**Task prompt**
Repeat the data that follows exactly, starting at the line with "BLACK QUILTED CROSSBODY" and ending at the line with "Gucci Monogram Multicolor", and leave out every picture.

**Listed entries**
# # # #

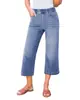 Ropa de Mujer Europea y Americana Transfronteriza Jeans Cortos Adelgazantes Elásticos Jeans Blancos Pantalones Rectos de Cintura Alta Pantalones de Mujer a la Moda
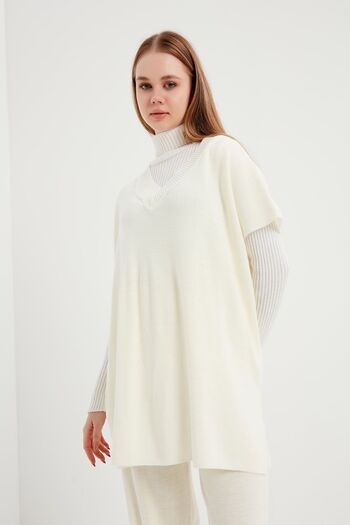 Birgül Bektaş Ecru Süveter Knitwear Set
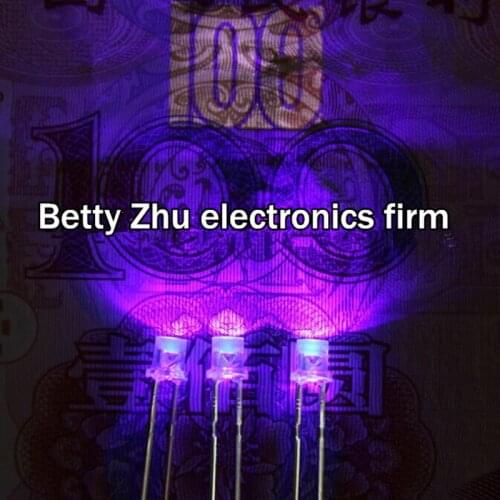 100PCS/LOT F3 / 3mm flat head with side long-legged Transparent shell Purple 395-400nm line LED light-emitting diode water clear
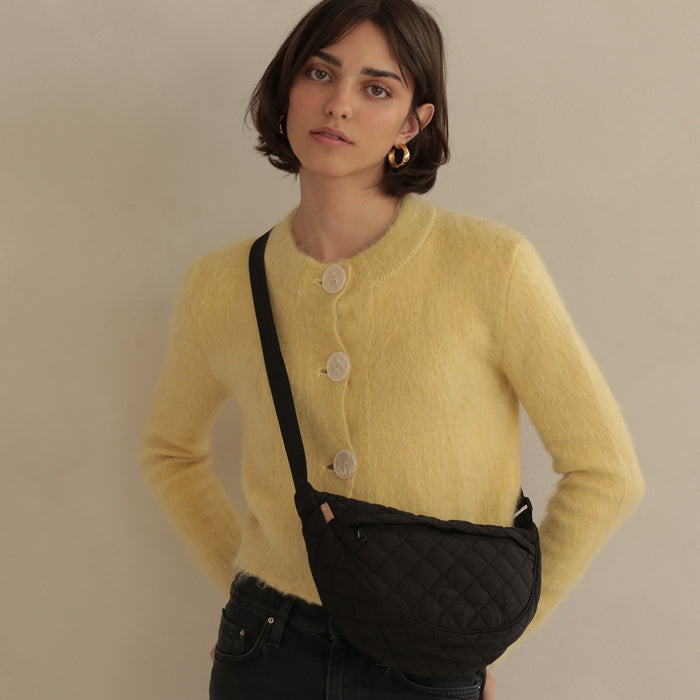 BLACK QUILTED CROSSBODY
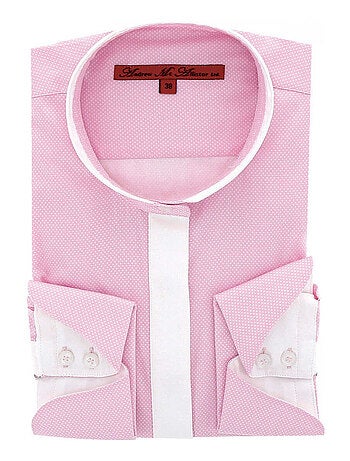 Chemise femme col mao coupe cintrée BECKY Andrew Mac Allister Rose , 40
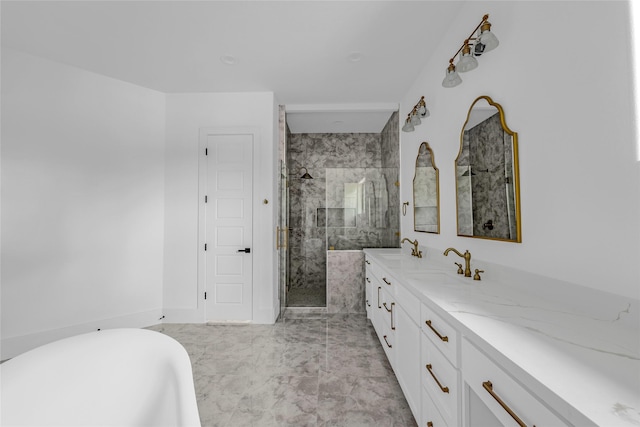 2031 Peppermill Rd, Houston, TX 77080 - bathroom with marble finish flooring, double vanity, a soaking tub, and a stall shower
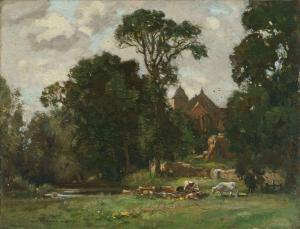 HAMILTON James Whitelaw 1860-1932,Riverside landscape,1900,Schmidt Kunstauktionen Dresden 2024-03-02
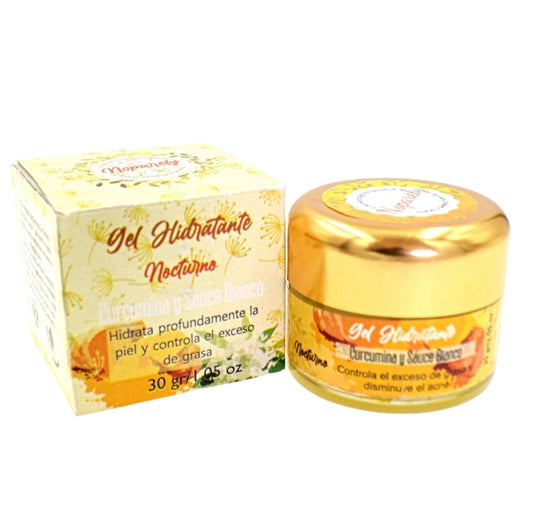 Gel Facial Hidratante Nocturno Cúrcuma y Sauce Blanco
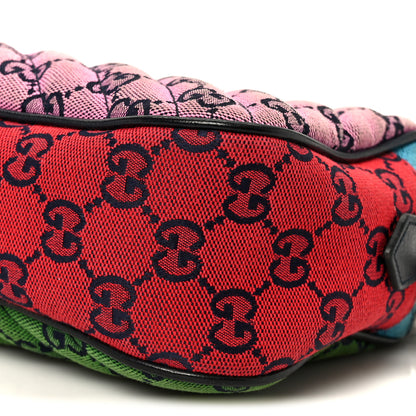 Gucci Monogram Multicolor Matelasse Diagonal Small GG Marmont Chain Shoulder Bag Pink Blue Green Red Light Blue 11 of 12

# # # #

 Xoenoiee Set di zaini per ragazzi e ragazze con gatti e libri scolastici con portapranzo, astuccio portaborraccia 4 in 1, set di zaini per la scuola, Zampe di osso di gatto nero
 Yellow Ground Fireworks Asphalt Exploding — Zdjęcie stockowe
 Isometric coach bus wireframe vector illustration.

# # # #

**Written answer**
 BLACK QUILTED CROSSBODY
 Chemise femme col mao coupe cintrée BECKY Andrew Mac Allister Rose , 40
 2031 Peppermill Rd, Houston, TX 77080 - bathroom with marble finish flooring, double vanity, a soaking tub, and a stall shower
 HAMILTON James Whitelaw 1860-1932,Riverside landscape,1900,Schmidt Kunstauktionen Dresden 2024-03-02
 Gel Facial Hidratante Nocturno Cúrcuma y Sauce Blanco
 Gucci Monogram Multicolor Matelasse Diagonal Small GG Marmont Chain Shoulder Bag Pink Blue Green Red Light Blue 11 of 12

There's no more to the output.